Material provided section start
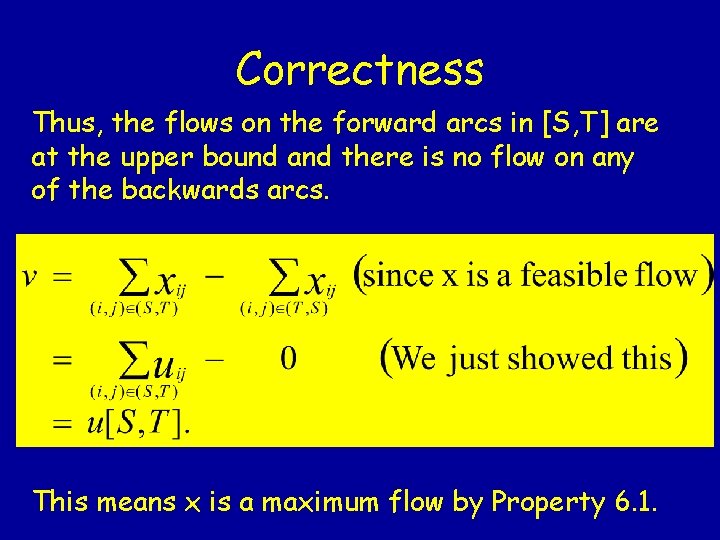 Correctness Thus, the flows on the forward arcs in [S, T] are at the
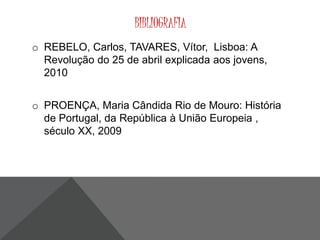 BIBLIOGRAFIA 
o REBELO, Carlos, TAVARES, Vítor, Lisboa: A 
Revolução do 25 de abril explicada aos jovens, 
2010 
o PROENÇA, Maria Cândida Rio de Mouro: História 
de Portugal, da República à União Europeia , 
século XX, 2009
Material provided section end
- Assignment -
Every line from the one with "Revolução do 25" to the end of the records above should be returned exactly, and no other lines.

- Exercise response -
Revolução do 25 de abril explicada aos jovens, 
2010 
o PROENÇA, Maria Cândida Rio de Mouro: História 
de Portugal, da República à União Europeia , 
século XX, 2009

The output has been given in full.